PROBLEM REQUIREMENTS: For the entries that follow, restate word for word the line containing "Siyah Polo Yaka", the line containing "A plate of meat", and every line that lies between them.

EXERCISE DATA:
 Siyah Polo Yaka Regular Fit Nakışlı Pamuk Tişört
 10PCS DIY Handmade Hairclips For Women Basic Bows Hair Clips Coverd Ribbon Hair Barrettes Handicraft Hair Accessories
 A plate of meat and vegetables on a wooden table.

--

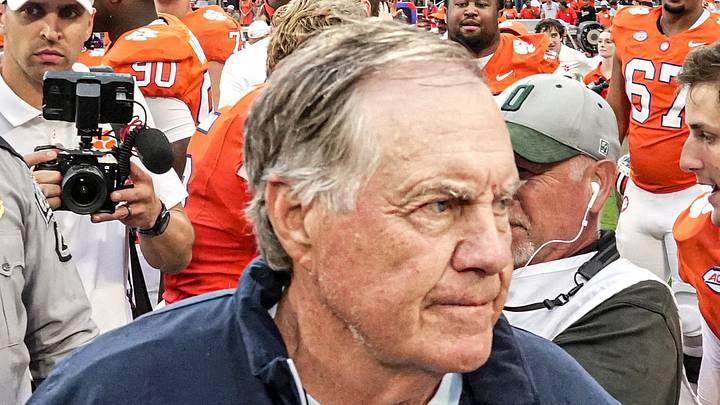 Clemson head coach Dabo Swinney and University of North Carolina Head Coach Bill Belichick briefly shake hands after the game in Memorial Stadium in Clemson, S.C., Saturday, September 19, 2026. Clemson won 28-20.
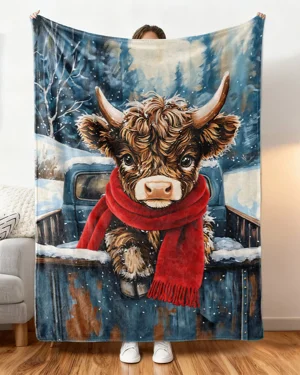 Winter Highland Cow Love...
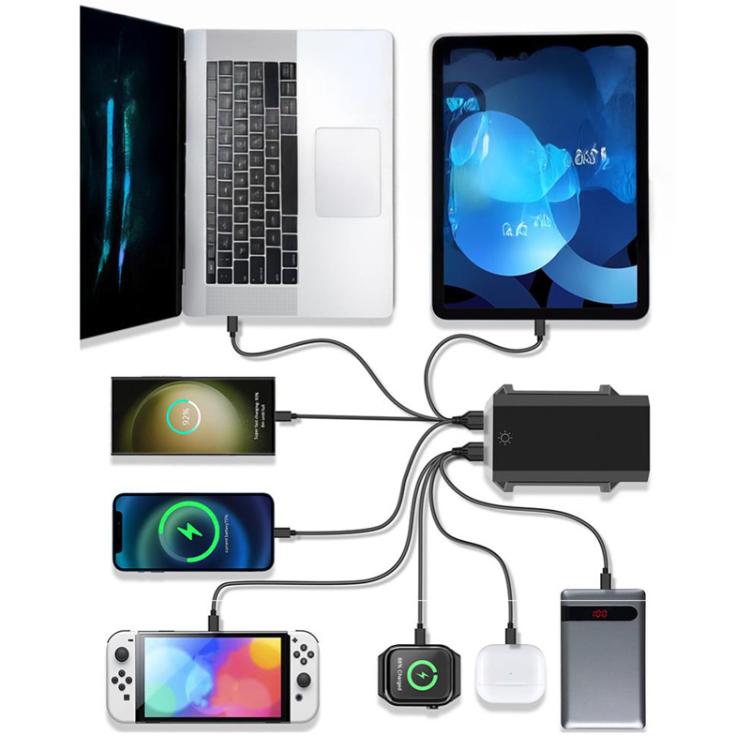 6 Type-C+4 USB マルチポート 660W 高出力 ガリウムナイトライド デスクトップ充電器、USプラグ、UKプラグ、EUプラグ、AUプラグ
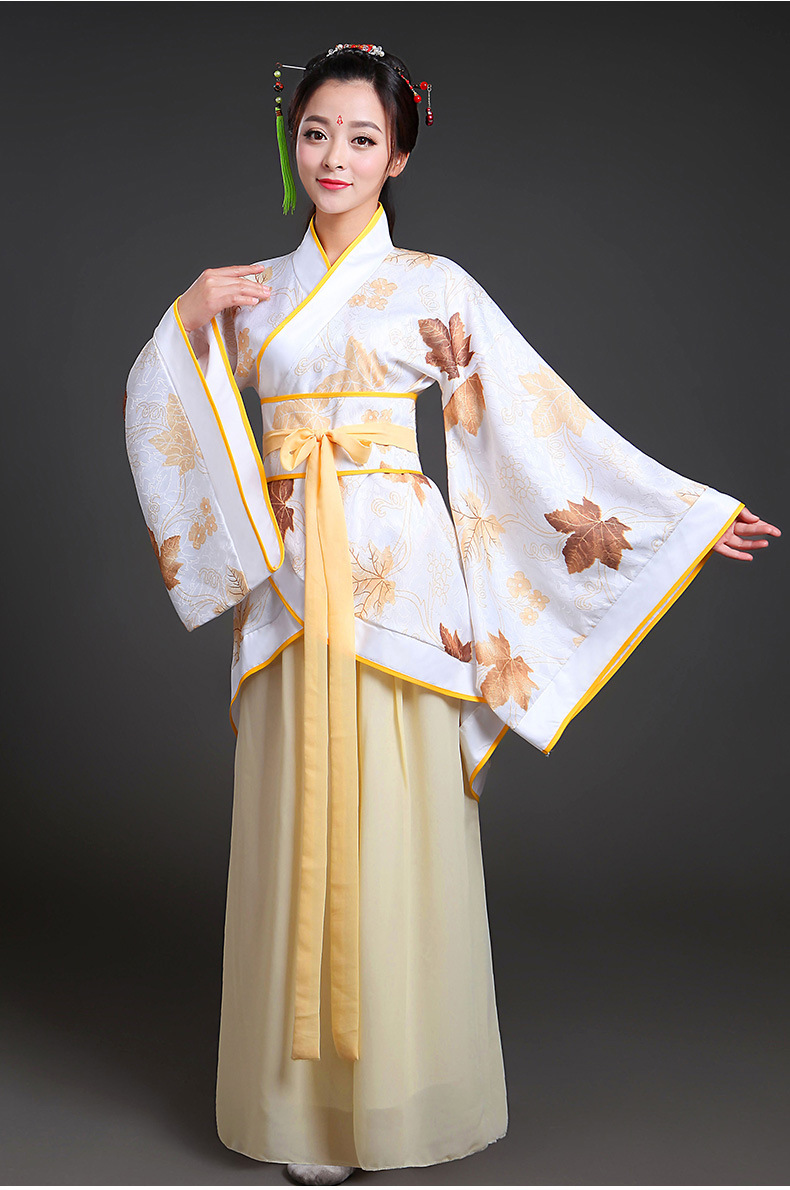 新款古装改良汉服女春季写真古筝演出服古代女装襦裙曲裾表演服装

ANSWER TO THE EXERCISE:
 Siyah Polo Yaka Regular Fit Nakışlı Pamuk Tişört
 10PCS DIY Handmade Hairclips For Women Basic Bows Hair Clips Coverd Ribbon Hair Barrettes Handicraft Hair Accessories
 A plate of meat and vegetables on a wooden table.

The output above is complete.